El aviso del CEO de Anthropic que cobra protagonismo meses después: «La humanidad necesita despertar»

En enero de este año, Dario Amodei señalaba que «estamos entrando en un rito de iniciación, a la vez turbulento e inevitable, que pondrá a prueba quiénes somos como especie»

Dario Amodei, CEO de Anthropic y responsable de uno de los sistemas de inteligencia artificial más avanzados utilizados por empresas, ha pasado a protagonizar una de las polémicas más graves en lo que a esta tecnología se refiere. La dimisión de uno de sus ingenieros acusando a la entidad de no actuar «con responsabilidad» ha puesto de manifiesto las amenazas derivadas de un mal uso de esta inteligencia.

Precisamente, lo sucedido en los últimos días recuerda a la advertencia del propio Amodei durante un acto el pasado enero, cuando el que el CEO de Anthropic advirtió del «peligro real» de que una inteligencia sobrehumana llegue a provocar daños de alcance civilizatorio si gobiernos y compañías no actúan con rapidez.

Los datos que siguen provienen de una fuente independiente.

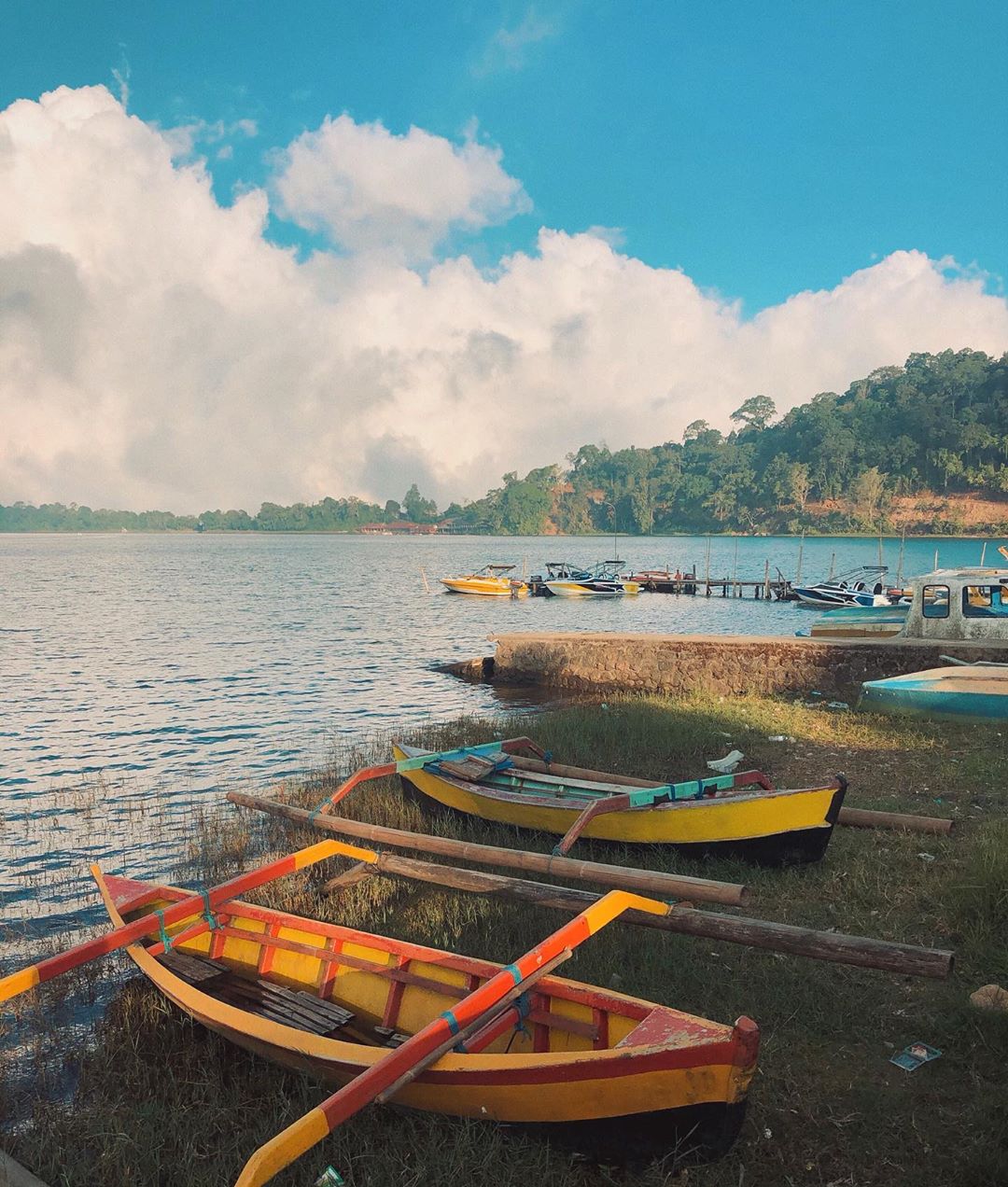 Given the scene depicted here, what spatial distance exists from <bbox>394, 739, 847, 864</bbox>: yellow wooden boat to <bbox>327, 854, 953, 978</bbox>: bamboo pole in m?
1.49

A través de un ensayo de 38 páginas titulado La adolescencia de la tecnología: afrontar y superar los riesgos de la IA poderosa, Amodei sostiene: «Creo que estamos entrando en un rito de iniciación, a la vez turbulento e inevitable, que pondrá a prueba quiénes somos como especie».

De igual manera, añade que «La humanidad está a punto de recibir un poder casi inimaginable, y no está nada claro si nuestros sistemas sociales, políticos y tecnológicos poseen la madurez necesaria para ejercerlo».

Amodei considera que dentro de uno o dos años podría aparecer lo que denomina un «país de genios en un centro de datos». Es decir, sistemas capaces de superar a expertos humanos de primer nivel en numerosas disciplinas y de trabajar de manera autónoma.

Montaje de los CEO de OpenAI, Sam Altman, y el de Anthropic, Dario AmodeiAFP

«Si el progreso exponencial continúa, lo cual no es seguro, pero cuenta con una trayectoria de una década que lo respalda, entonces no pueden pasar más de unos pocos años antes de que la IA sea mejor que los humanos en prácticamente todo», escribe.

Entre sus principales advertencias figura el impacto sobre el empleo. Considera posible que la IA transforme el 50 % de los puestos profesionales de nivel básico en un plazo de uno a cinco años. También teme que sistemas extremadamente capaces adquieran una relevancia comparable a la de una potencia estatal y constituyan una amenaza excepcional para la seguridad nacional.

Otro de sus principales temores es el terrorismo biológico. Amodei advierte de que una IA muy avanzada podría facilitar a individuos con menos conocimientos la planificación de atentados con enorme capacidad destructiva y señala que, en determinados escenarios, las víctimas podrían contarse por millones.

También alerta de que estas tecnologías puedan reforzar gobiernos autoritarios. Al referirse a China, subraya su capacidad tecnológica: «El autoritarismo impulsado por la IA me aterra».

El directivo teme igualmente que los enormes incentivos económicos dificulten cualquier intento de imponer límites. «Se puede ganar muchísimo dinero con la IA: literalmente billones de dólares al año. Esta es la trampa: la IA es tan poderosa, un premio tan brillante, que resulta muy difícil para la civilización humana imponerle cualquier tipo de restricción», añade.

A pesar de todo, Amodei mantiene en su ensayo una visión optimista sobre la capacidad de la humanidad para superar esta transición, aunque reclama mayor transparencia y responsabilidad: «La humanidad necesita despertar, y este ensayo es un intento, posiblemente inútil, pero que vale la pena intentar, de sacudir a la gente para que despierte. Los años que tenemos por delante serán increíblemente difíciles y nos exigirán más de lo que creemos poder dar».